Mira: It’s all about a point of view, isn’t it? It’s like, in a mainstream western culture we are considered minorities, but in my world, I am not a minority. In that sense, I will make stories of people, our lives, and the complexities in each one of us. What I don’t believe in is having actors or characters on stage or on screen who don’t have a three-dimensional life; who don’t have enigma; who don’t have irreverence. Because, we’re all human, and we all have reverence. So, I suppose I don’t think about it as a list of people who have not been represented – and then I’ve got to make a film about them.
What was your creative process behind the film version of Monsoon Wedding?
Monsoon Wedding came out in a time where Hum Aapke Hain Koun (1994) which was a 21-23 song Bollywood rendition of a wedding, which was great fun and all but had nothing to do with the madness of an actual Punjabi wedding. There was no reality check. So, I thought, let me do my own version - what I’m used to, which you never see. Also, I was influenced by the Danish Dogma method, of making something out of nothing. How to make something without so much, but the imagination. And so, we made it very close to home – practically in my own house. We used our own cutlery, crockery, paintings, and even my whole family acted in Monsoon Wedding because they were free. We sought to bring people together to make something that is real, powerful, and complete fun. But in fun, there is of course, darkness. I wanted to do it in a way that would do justice to all of it, not just one part or the other.
On the topic of weddings: the concept of family and marriage has fascinated us from Shakespearean comedies to present day. What do you think is so timeless about these stories of togetherness?
I think love is always baffling - when you find it, or when you least look for it. Even the notion of an arranged marriage is interesting because it is easy for us to say now, “Oh how can you just do that?” I have seen my parents, who have lived that way, alongside many others. We can ask them these questions now, like “how did it feel like to marry a stranger?” and so on. There is something very hypnotic about two families who seem to think they know the best for each other’s kids, and I wanted to look at this. But mostly, I wanted to look at the dynamics of family life: what does it feel like to be Ria, who is thirty years old and not married. What does it feel like to be a young girl who is having an affair with a married man and is getting married as a rebound to forget him? These are real stories, but we don’t see them. They are universally relatable because these are dilemmas across whatever colour you are, or whatever class you come from.
I also wanted to ask for advice.

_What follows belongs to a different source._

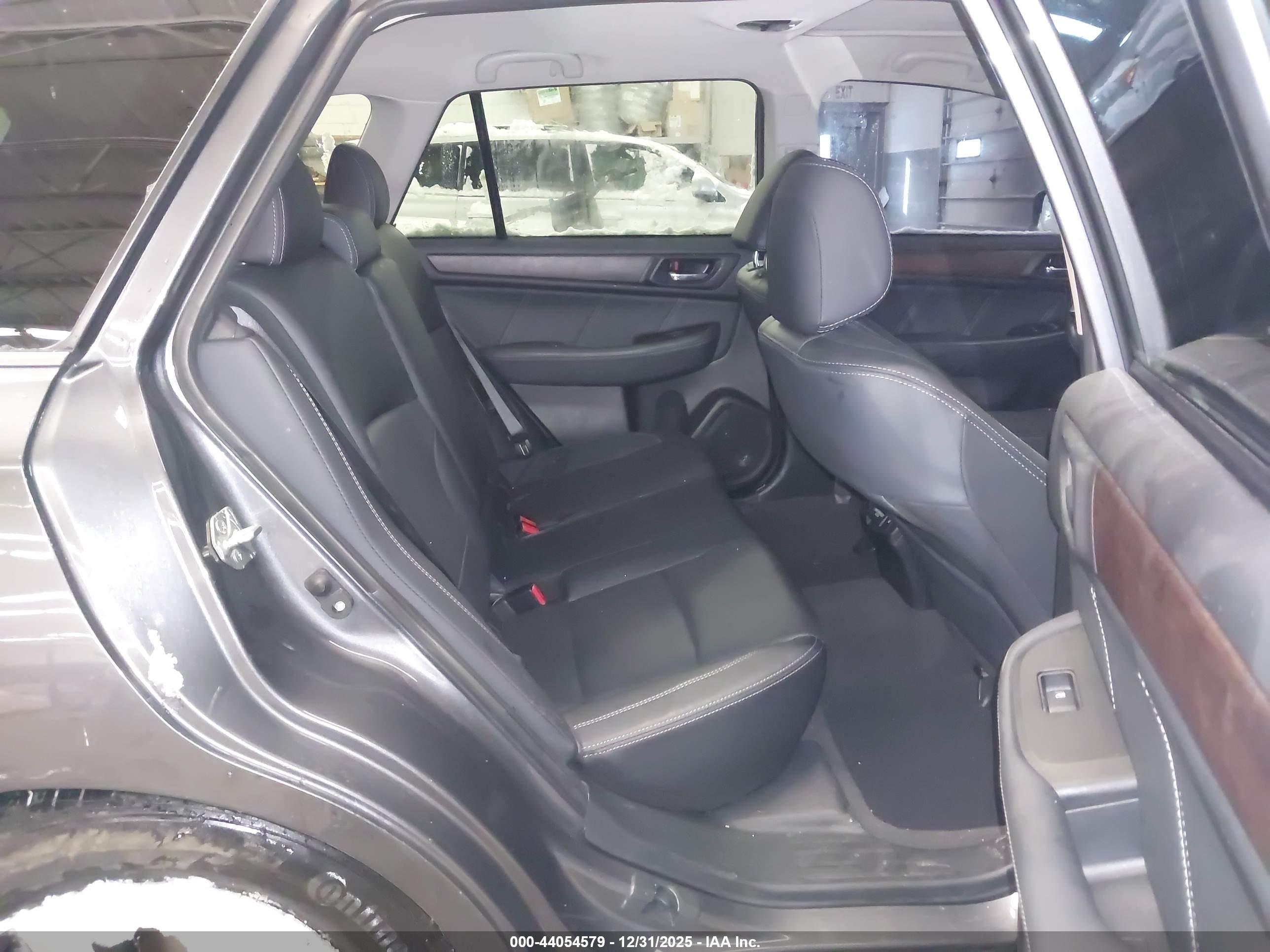 SUBARU OUTBACK image 8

As young people, wanting to enter the creative industries such as film or theatre, rejection seems almost inevitable. Speaking from your own experience, what has been your advice to overcome such barriers?

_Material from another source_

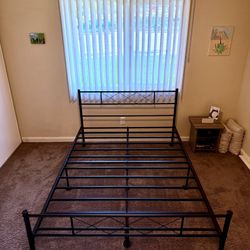 VECELO Full Size Metal Bed Frame with Headboard 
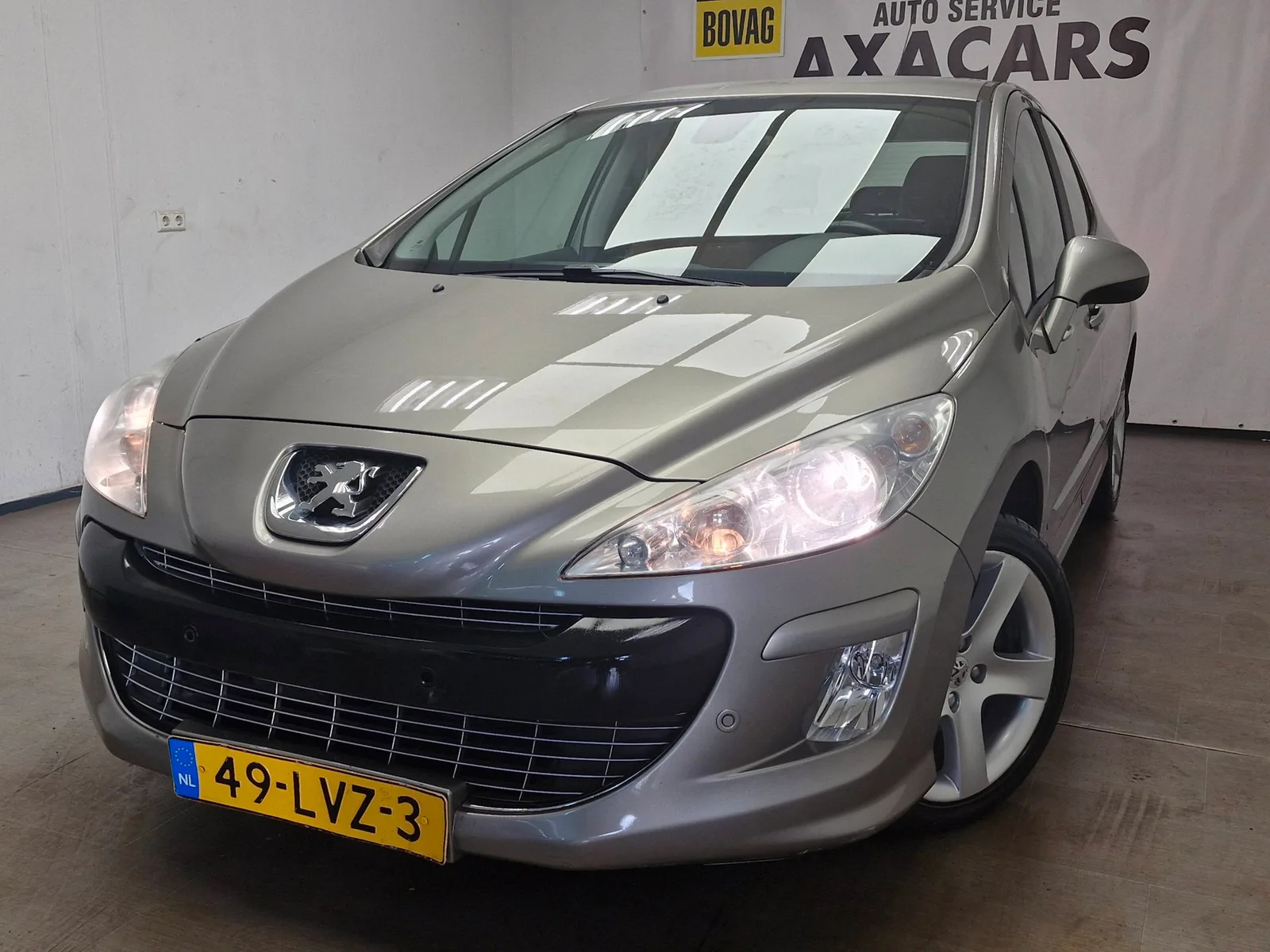 Peugeot 308 (2010) — foto 1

Arm yourself with knowledge and with craft. Feel and understand that you have something to say. It’s important to understand the craft so you can convey it the best that you can. But you have to strive for hopefully finding a community that will nourish you while this happens. This is often very difficult, so you have to prepare to be lonely. You have to prepare to be brave; you have to prepare to have stamina because all these things will help you in believing that you matter.
The brand-new musical will open at Leeds Playhouse on June 17th and will transfer to London’s Roundhouse on July 17th. It is an experimental show that is about the music interwoven with the story, rather than the film’s classic dialogue and then song. Through camera lens and now stage, Monsoon Wedding invites us to enter an intoxication with life.